Panama was abusing the “privilege” of charging tolls for passage through its own canal, he declared. “Our Navy and Commerce have been treated in a very unfair and injudicious way. The fees being charged by Panama are ridiculous, especially knowing the extraordinary generosity that has been bestowed to Panama by the US. … This complete ‘rip-off’ of our Country will immediately stop.”
Tacitly admitting the weakened position of American imperialism even in its own hemisphere, Trump warned that the canal should not fall into the “wrong hands,” a clear reference to China. He called the canal a “vital national asset” that was “crucial” both for US trade and national security.
Returning to this theme in Arizona, he declared, “It was given to Panama and to the people of Panama, but it has provisions, you gotta treat us fairly and they haven’t treated us fairly.” While this appeared to be another complaint about the fees being charged, these are the same for American ships as for the vessels of any other country, based on tonnage and type of cargo, not what flag the ship flies.
He added, “If the principles, both moral and legal, of this magnanimous gesture of giving are not followed, then we will demand that the Panama Canal be returned to the United States of America in full, quickly and without question.”
When one of his fascist listeners shouted, “Take it back,” Trump replied: “That’s a good idea.”

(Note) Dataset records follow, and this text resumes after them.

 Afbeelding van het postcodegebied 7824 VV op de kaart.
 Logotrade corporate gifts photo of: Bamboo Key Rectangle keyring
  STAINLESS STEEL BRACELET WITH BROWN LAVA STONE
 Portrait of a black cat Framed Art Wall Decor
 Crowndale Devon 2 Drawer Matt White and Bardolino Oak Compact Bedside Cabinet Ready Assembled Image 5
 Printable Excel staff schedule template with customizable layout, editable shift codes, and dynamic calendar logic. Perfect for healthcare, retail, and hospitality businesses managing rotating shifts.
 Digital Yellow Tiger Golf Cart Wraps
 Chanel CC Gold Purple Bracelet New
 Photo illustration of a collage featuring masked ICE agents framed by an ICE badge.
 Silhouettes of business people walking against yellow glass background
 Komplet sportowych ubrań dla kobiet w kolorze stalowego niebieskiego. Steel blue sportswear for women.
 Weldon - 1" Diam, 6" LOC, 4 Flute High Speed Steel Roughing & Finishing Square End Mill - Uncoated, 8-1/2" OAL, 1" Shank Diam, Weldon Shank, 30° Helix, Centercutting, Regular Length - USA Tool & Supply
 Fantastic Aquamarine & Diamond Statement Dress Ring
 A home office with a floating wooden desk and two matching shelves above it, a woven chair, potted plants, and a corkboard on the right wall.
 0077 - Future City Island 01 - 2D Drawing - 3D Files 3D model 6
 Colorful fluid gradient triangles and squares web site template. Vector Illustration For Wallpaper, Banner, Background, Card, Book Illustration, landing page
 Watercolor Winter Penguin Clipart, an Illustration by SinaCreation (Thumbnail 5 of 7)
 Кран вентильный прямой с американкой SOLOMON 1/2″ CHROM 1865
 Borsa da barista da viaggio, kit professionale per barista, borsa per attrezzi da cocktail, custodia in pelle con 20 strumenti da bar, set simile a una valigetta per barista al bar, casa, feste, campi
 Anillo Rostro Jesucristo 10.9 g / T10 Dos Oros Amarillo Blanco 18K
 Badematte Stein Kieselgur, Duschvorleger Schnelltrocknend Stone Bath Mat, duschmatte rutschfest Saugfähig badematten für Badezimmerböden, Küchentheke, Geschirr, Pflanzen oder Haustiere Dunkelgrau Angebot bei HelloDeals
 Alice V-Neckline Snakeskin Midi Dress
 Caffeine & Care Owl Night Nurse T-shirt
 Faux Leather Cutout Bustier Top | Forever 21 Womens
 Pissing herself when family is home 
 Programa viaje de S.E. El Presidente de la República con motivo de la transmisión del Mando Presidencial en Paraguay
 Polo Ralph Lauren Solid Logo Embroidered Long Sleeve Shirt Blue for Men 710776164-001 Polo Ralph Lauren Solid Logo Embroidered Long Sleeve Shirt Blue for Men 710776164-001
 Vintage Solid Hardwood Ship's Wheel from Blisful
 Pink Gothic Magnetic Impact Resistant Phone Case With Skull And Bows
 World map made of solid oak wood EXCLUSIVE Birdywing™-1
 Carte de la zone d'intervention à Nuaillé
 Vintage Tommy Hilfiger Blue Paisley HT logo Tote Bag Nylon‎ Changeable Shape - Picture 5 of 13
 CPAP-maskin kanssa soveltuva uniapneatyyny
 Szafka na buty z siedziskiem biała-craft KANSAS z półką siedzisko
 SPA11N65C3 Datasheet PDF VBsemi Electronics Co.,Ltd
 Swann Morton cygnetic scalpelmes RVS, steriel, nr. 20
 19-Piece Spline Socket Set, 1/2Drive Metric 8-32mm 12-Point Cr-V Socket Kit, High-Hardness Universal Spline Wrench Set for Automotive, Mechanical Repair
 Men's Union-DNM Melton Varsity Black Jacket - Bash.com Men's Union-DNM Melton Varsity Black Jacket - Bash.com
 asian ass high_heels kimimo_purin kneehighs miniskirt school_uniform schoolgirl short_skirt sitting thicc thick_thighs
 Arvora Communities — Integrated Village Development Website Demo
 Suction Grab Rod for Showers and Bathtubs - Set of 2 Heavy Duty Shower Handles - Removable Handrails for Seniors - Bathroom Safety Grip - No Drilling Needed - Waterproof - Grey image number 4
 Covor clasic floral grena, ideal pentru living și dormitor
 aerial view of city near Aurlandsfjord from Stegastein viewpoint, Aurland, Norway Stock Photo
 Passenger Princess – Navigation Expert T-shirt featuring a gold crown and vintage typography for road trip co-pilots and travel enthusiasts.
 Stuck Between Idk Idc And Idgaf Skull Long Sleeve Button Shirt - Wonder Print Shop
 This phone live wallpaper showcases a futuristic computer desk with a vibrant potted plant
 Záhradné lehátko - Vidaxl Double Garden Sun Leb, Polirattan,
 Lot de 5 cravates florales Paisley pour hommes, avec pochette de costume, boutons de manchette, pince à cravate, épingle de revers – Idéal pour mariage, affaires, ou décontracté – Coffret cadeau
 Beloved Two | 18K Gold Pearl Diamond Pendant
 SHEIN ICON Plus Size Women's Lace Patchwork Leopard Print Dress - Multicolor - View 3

There is a second aspect to Trump’s sudden declaration of interest in Panama. Returning American military forces to the Panama could give them a significant role in the interdiction of the flow of migrant workers across the US-Mexico border.
Millions of these migrants come from South America through the “Darien gap,” the jungle region of Panama that borders on Colombia, and then up through Central America. US troops in the former Canal Zone would be in a position to block the migrants either at the canal itself or by pushing further south.
Trump’s references to American “generosity” to Panama can only generate disgust and anger in the people of that country and of Latin America more generally. The United States has invaded Panama twice, the first time to ensure the territory’s “independence” from Colombia and set it up as a US-controlled puppet state, clearing the way for construction of the 52-mile canal across the isthmus.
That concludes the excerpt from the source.